Enhancement-Mode Atomic Layer Deposited W-Doped In2O3 Transistor at 55 Nm Channel Length by Oxide Capping Layer with Improved Stability

Amorphous oxide semiconductor field-effect transistors (AOSFETs) exemplify the tradeoff between mobility, stability, and threshold voltage $(\mathrm{V}_{\text{TH}})$. In this work, a new 5-axes AOSFET evaluation framework for backend-of-line (BEOL) integration is proposed, including (i) $\mathrm{I}_{\mathrm{D}}$ extracted at a fixed over-drive beyond $\mathrm{V}_{\text{TH}}$ at 1 pA/um for performance, (ii) $\mathrm{I}_{\text{OFF}}$, (iii) $\mathrm{V}_{\text{TH}}$, (iv) subthreshold slope (SS) at 1V $\mathrm{V}_{\text{DS}}$ for off-state behaviors, and (v) $\mathrm{V}_{\text{TH}}$ shift under positive bias stress for stability.

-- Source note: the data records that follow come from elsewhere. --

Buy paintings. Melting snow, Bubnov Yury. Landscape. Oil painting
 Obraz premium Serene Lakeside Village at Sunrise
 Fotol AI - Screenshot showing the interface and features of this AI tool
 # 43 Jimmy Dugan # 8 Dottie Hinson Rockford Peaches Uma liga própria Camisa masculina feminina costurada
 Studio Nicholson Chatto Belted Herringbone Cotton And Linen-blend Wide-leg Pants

To break the tradeoff between mobility and $\mathrm{V}_{\text{TH}}$, an oxide capping layer and post-capping anneal are used on back-gated W-doped $\text{In}_{2}\mathrm{O}_{3}$ (IWO) FETs. The oxide capping and anneal demonstrate stoichiometry-independent positive $\mathrm{V}_{\text{TH}}$ shift on 1% and 2% IWO channel FETs by 0.85V and 0.4V, respectively, while mobility increases from 18.5 to 26 $\text{cm}^{2}\mathrm{V}^{-1}\mathrm{s}^{-1}$ for 1% IWO. The contact resistance is also lowered from 2185 $\Omega-\mu \mathrm{m}$ to 967 $\Omega-\mu \mathrm{m}$, enabling $\mathrm{I}_{\text{ON}}$ increase by $1.42\times$. With the oxide capping and anneal, the stability under positive bias stress improves by 300 mV to -67 $\text{mV V}_{\text{TH}}$ shift. An enhancement-mode 1% IWO FET is shown at 55 nm $\mathrm{L}_{\text{CH}}$ with positive $\mathrm{V}_{\text{TH}}=0.53\mathrm{V}$, low $\mathrm{I}_{\text{OFF}}=160\ \text{pA}/\mu \mathrm{m}, \mathrm{I}_{\mathrm{D}}=192\ \mu \mathrm{A}/\mu \mathrm{m}$ at 1E13 cm−2 charge density, and $\mathrm{I}_{\mathrm{D}}=50\mu \mathrm{A}/\mu \mathrm{m}$ extracted at a fixed over-drive voltage beyond 1 pA/um at 1V $\mathrm{V}_{\text{DS}}$.